EXERCISE
Beginning with the line containing "NVIDIA Broadcast(英伟达直播助手)绿色版 1.4.0.29 官方版 NVIDIA", transcribe every line exactly down to the last one in the records below, and drop the pictures.

(AVAILABLE RECORDS)

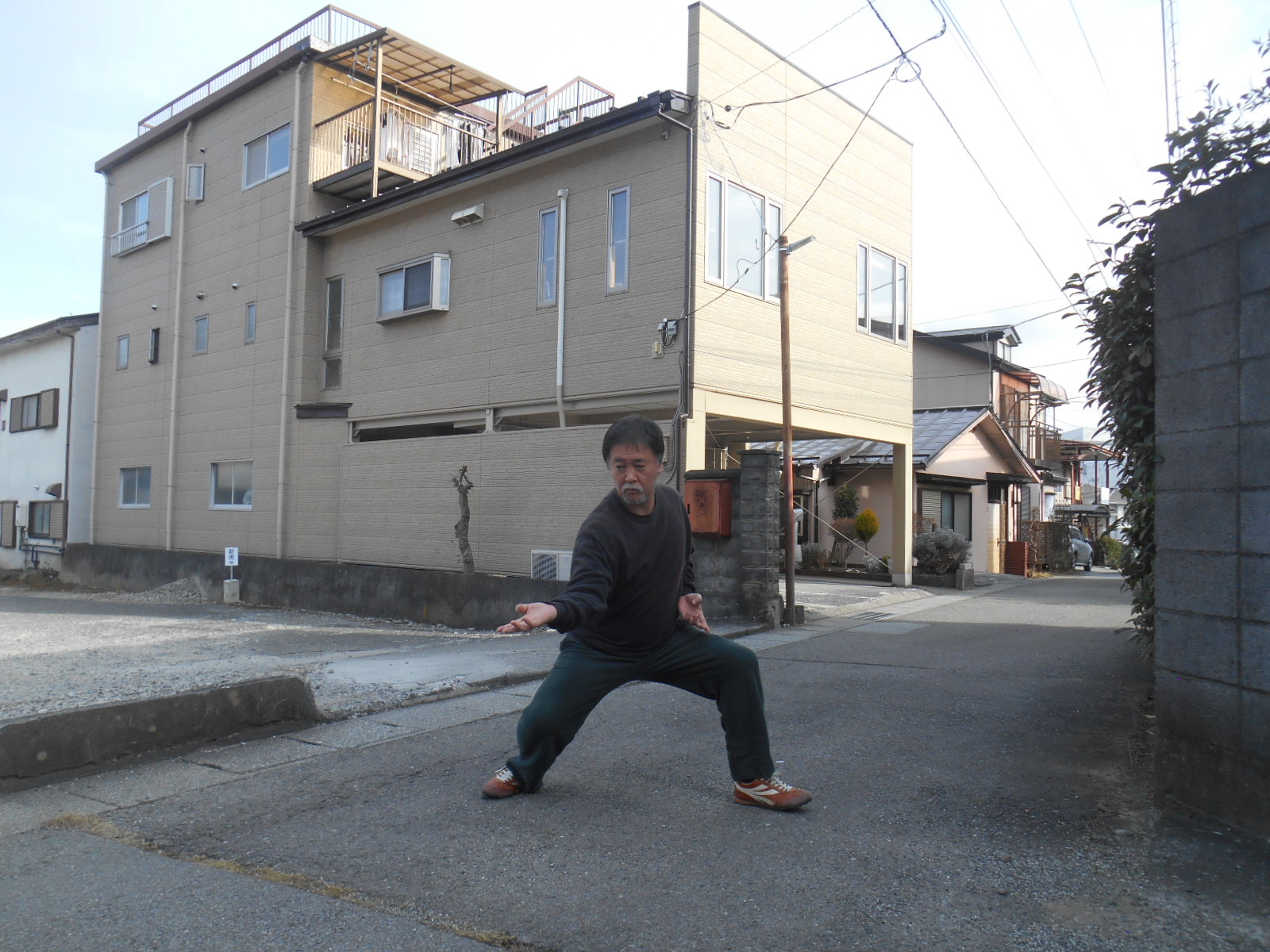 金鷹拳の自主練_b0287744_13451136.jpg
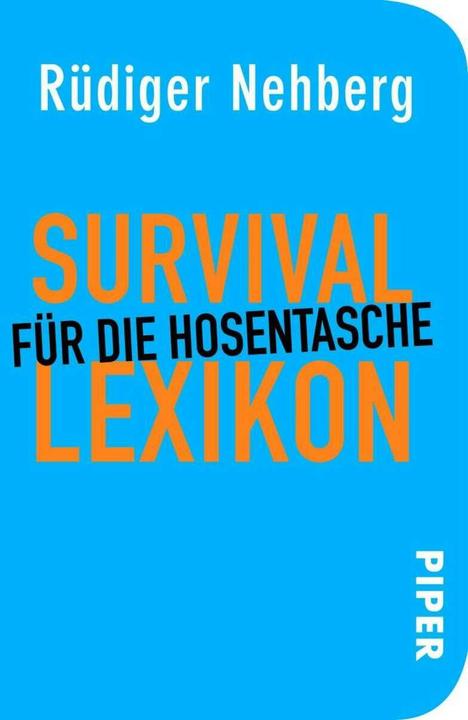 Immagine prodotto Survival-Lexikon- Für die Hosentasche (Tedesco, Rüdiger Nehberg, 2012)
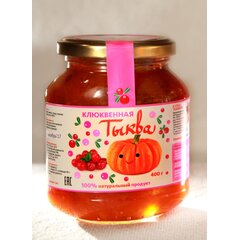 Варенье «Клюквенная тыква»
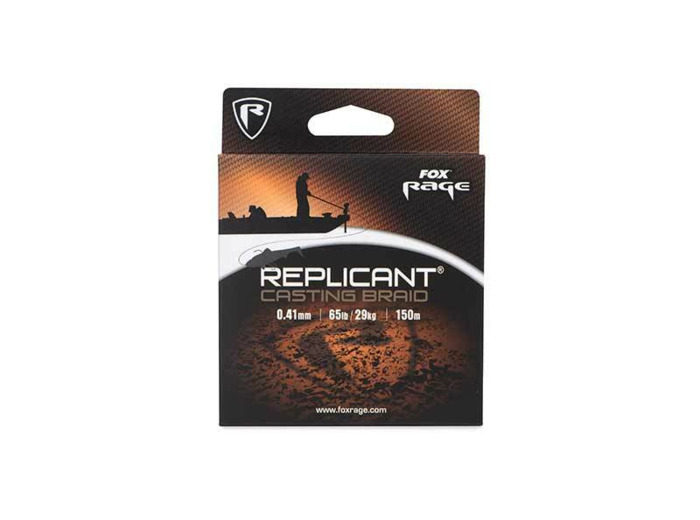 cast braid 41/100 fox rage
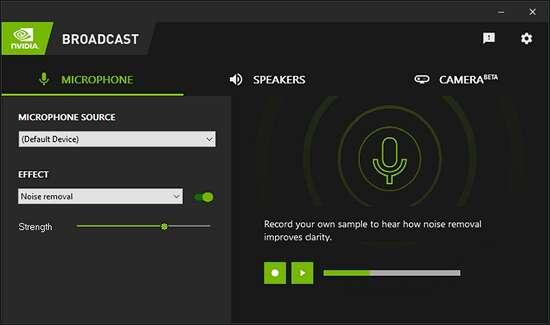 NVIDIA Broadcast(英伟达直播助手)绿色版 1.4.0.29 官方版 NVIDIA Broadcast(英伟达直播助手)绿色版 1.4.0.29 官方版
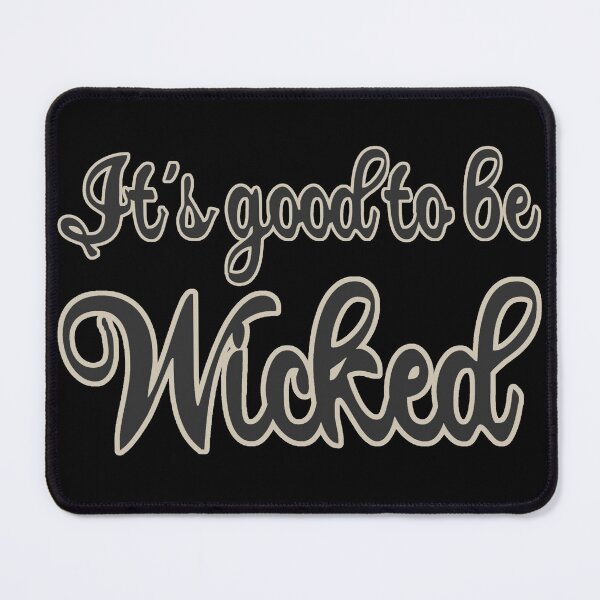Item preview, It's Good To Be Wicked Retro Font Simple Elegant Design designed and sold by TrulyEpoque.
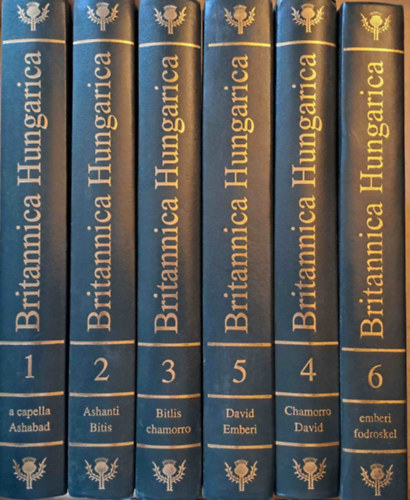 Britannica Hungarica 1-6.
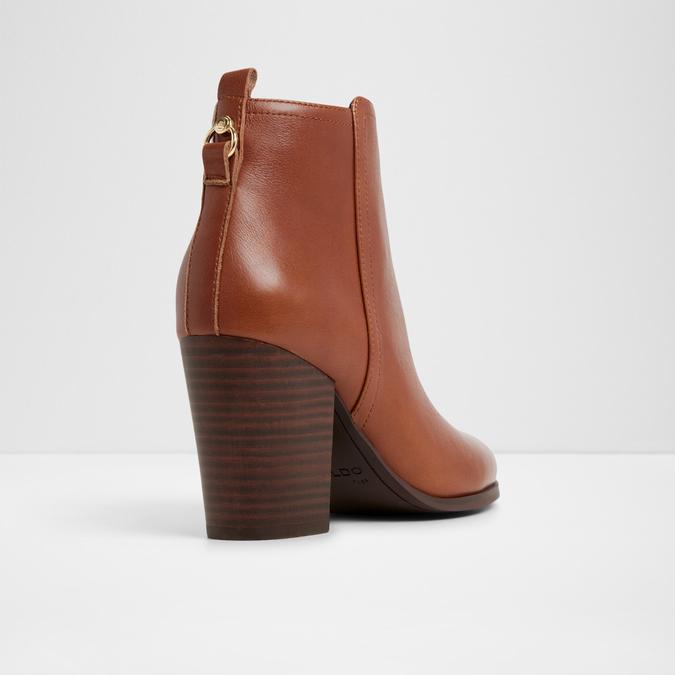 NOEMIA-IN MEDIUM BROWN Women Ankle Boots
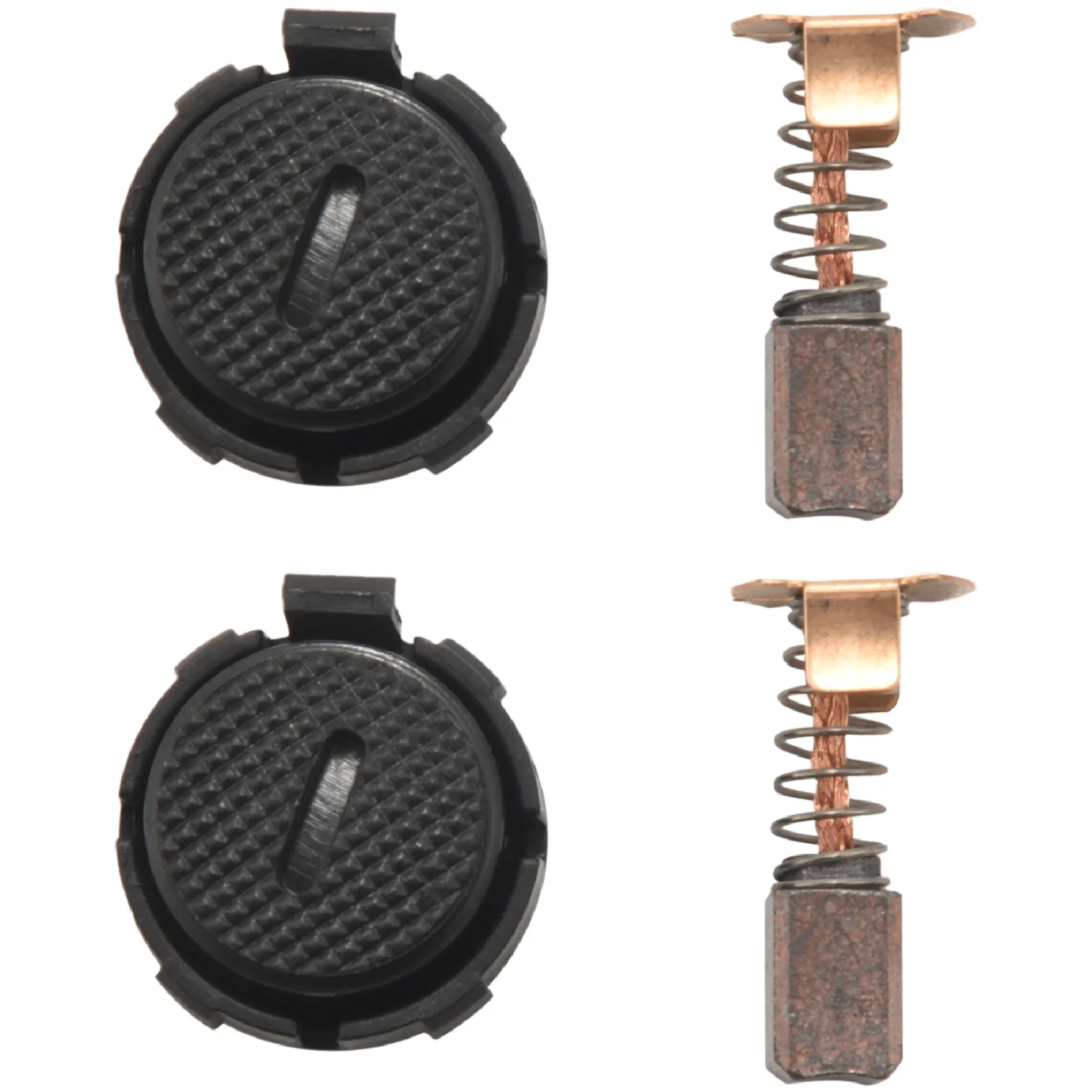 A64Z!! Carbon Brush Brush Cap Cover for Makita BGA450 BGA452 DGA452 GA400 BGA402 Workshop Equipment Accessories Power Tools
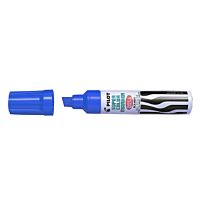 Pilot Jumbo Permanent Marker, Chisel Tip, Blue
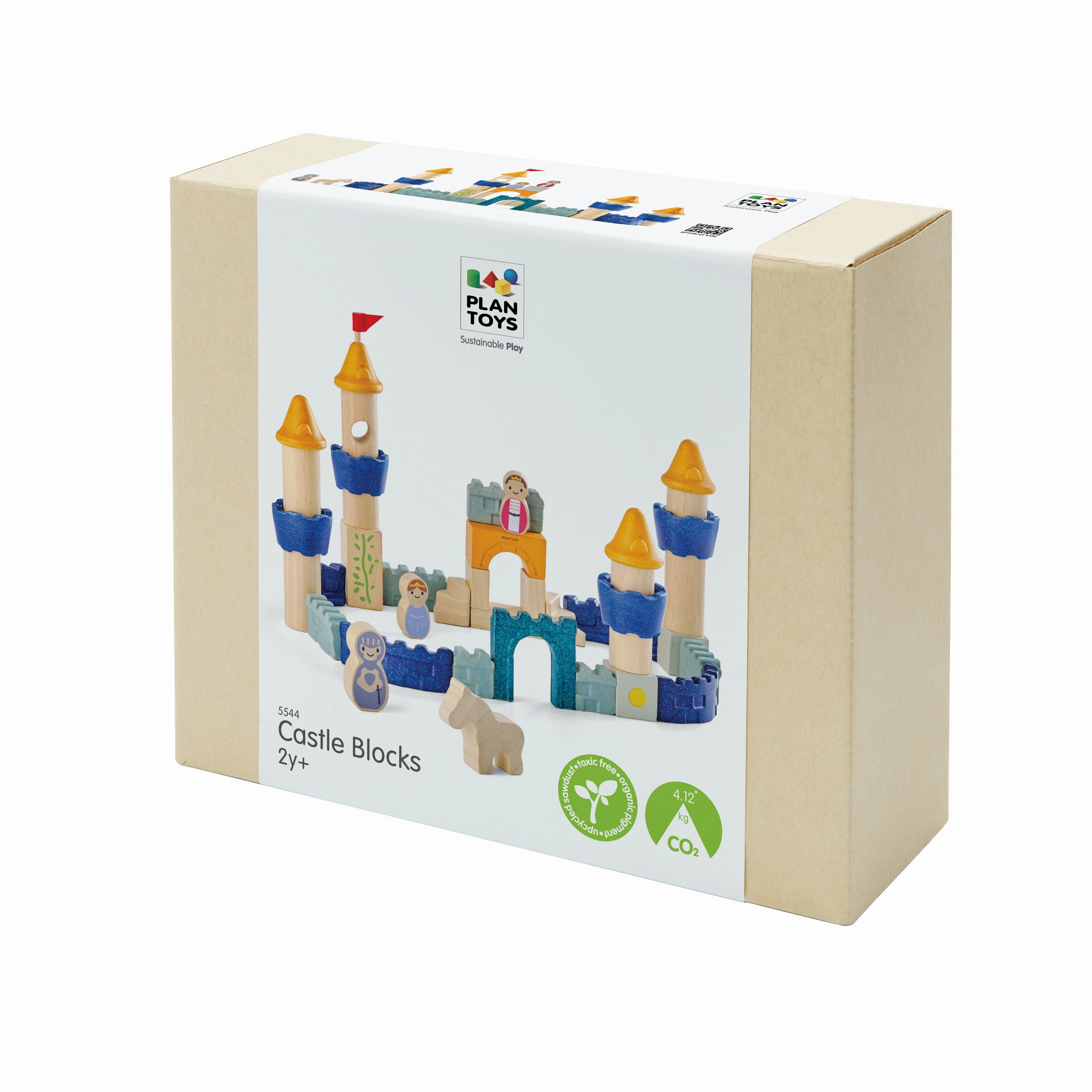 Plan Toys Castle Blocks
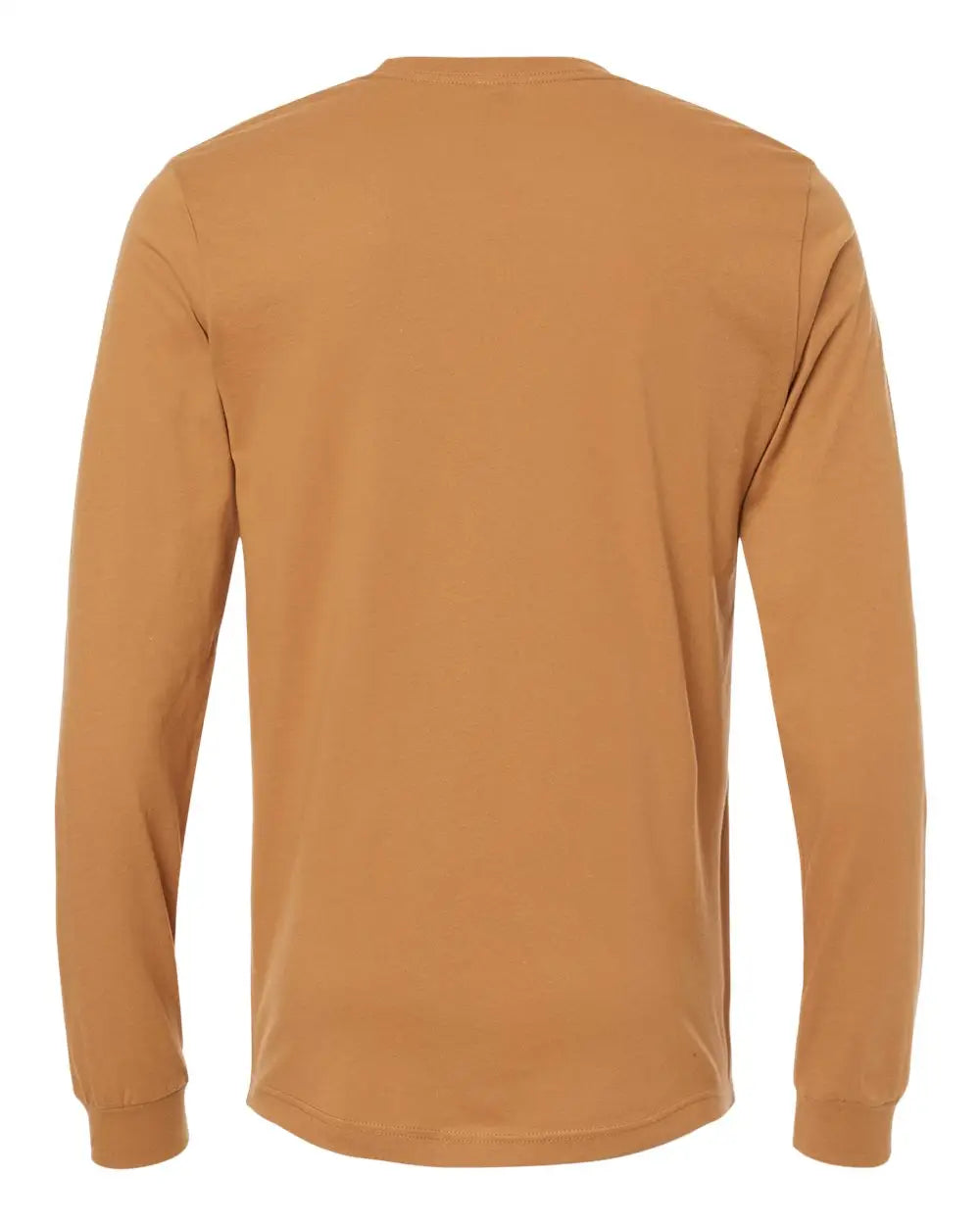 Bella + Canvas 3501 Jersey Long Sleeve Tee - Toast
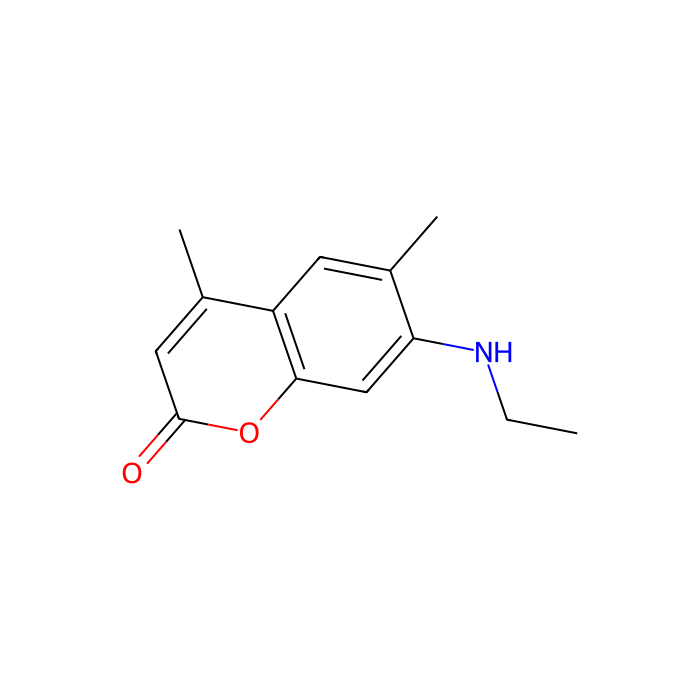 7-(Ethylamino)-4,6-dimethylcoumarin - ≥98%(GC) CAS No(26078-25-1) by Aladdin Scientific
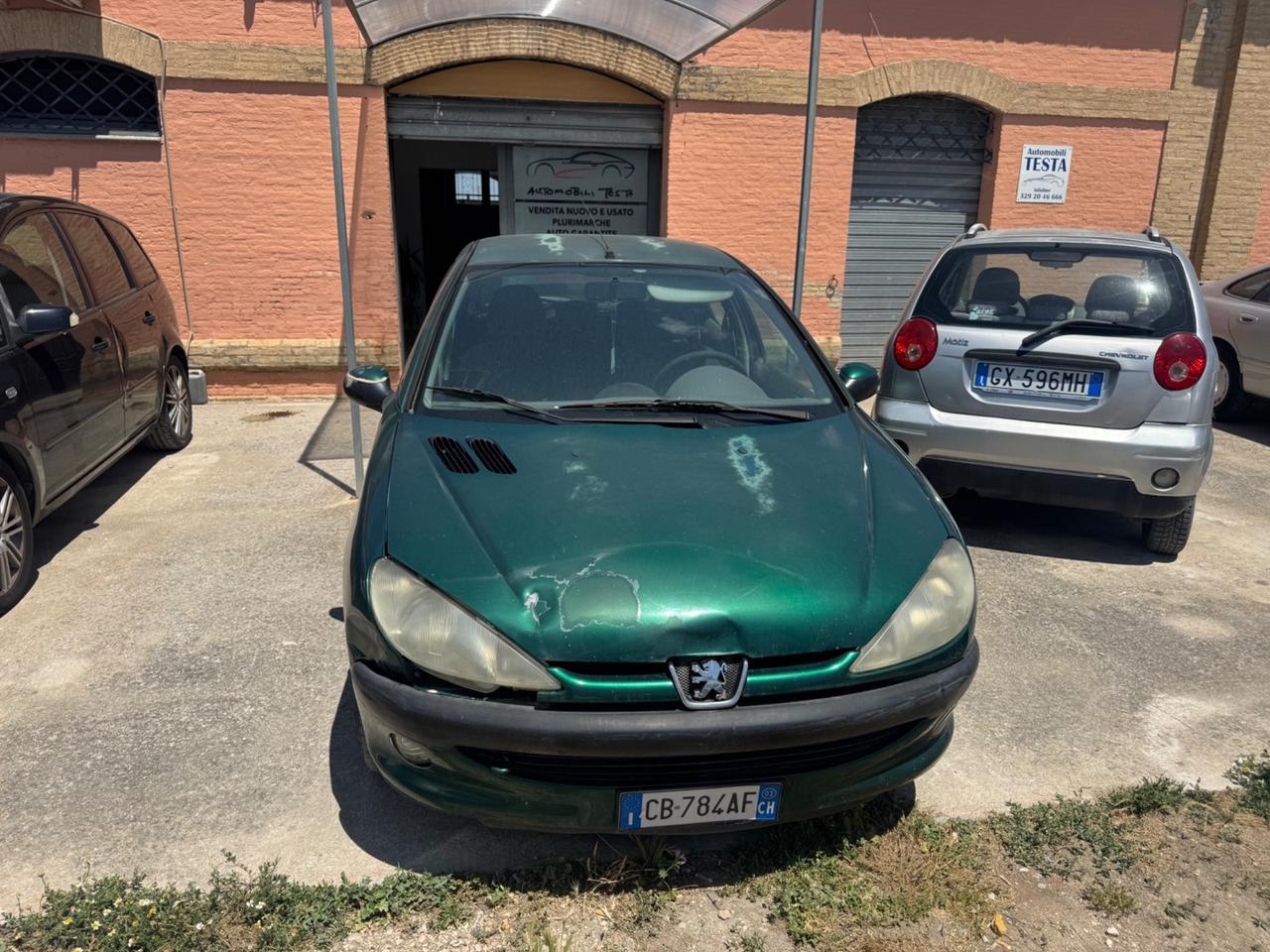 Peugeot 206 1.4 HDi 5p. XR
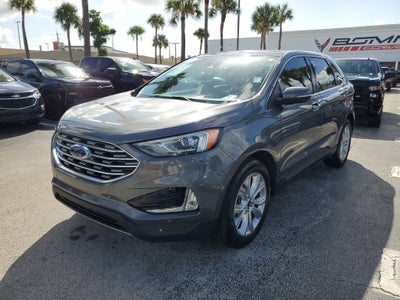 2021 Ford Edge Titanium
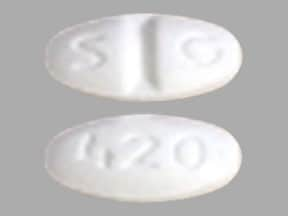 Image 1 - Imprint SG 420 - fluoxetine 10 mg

(End AVAILABLE RECORDS)

REPLY TO THE EXERCISE
 NVIDIA Broadcast(英伟达直播助手)绿色版 1.4.0.29 官方版 NVIDIA Broadcast(英伟达直播助手)绿色版 1.4.0.29 官方版
Item preview, It's Good To Be Wicked Retro Font Simple Elegant Design designed and sold by TrulyEpoque.
 Britannica Hungarica 1-6.
 NOEMIA-IN MEDIUM BROWN Women Ankle Boots
 A64Z!! Carbon Brush Brush Cap Cover for Makita BGA450 BGA452 DGA452 GA400 BGA402 Workshop Equipment Accessories Power Tools
 Pilot Jumbo Permanent Marker, Chisel Tip, Blue
 Plan Toys Castle Blocks
 Bella + Canvas 3501 Jersey Long Sleeve Tee - Toast
 7-(Ethylamino)-4,6-dimethylcoumarin - ≥98%(GC) CAS No(26078-25-1) by Aladdin Scientific
 Peugeot 206 1.4 HDi 5p. XR
 2021 Ford Edge Titanium
 Image 1 - Imprint SG 420 - fluoxetine 10 mg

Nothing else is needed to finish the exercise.